***** INFORMATION SHOWN *****

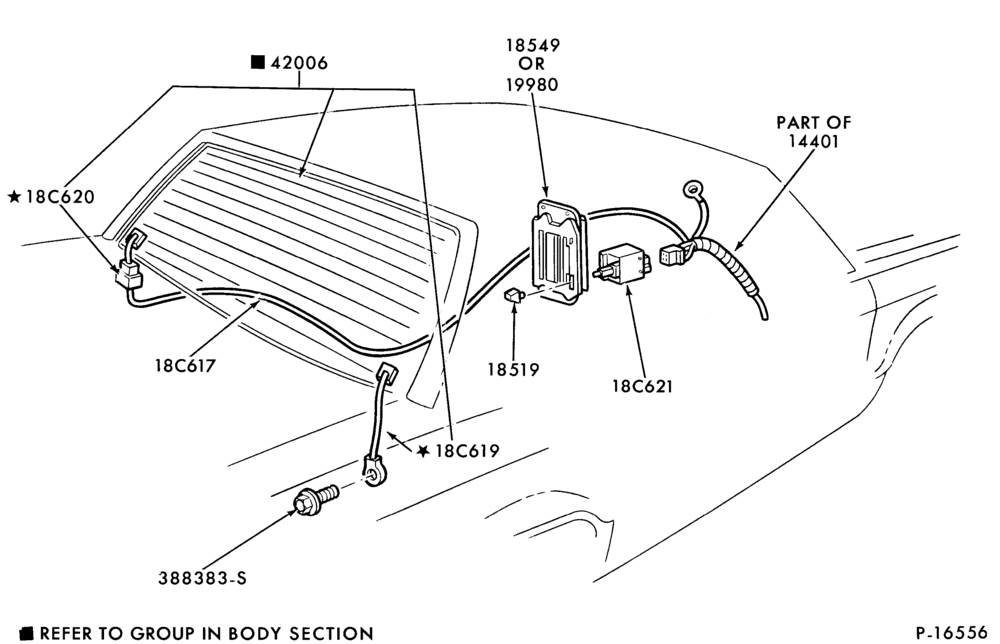 Схема AIR CONDITIONER-Heated back window B/T 54 & 66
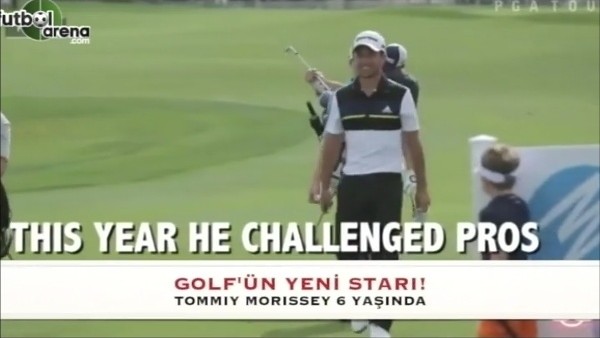 Golf'ün yeni starı Tommiy Morissey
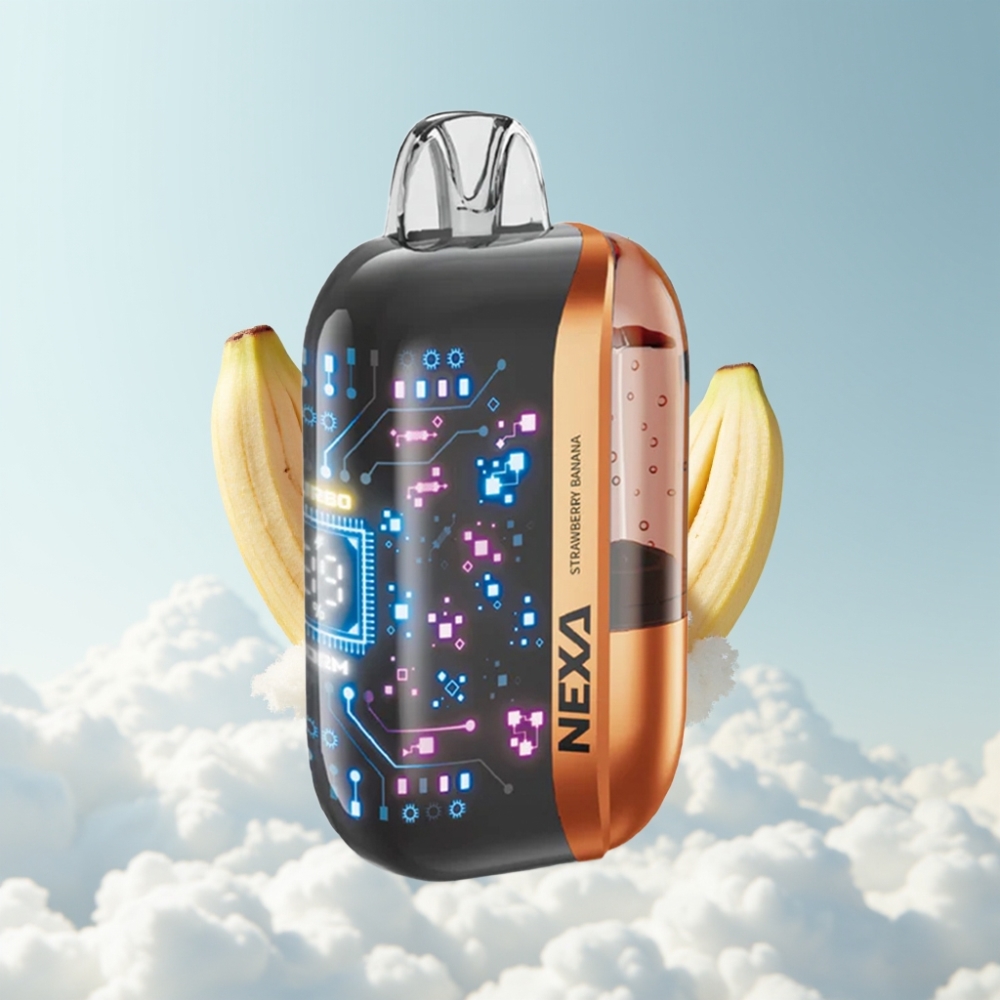 NEXA Ultra 50K Einweg-Vape 50000 Puffs 20ml 5% Erdbeer Banane Dual Mesh Typ-C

*****

__WHAT TO PRODUCE__
Pictures stay out of the answer; the rest of the listing above is returned exactly.

__RESULT OF THIS EXERCISE__
 Схема AIR CONDITIONER-Heated back window B/T 54 & 66
 Golf'ün yeni starı Tommiy Morissey
 NEXA Ultra 50K Einweg-Vape 50000 Puffs 20ml 5% Erdbeer Banane Dual Mesh Typ-C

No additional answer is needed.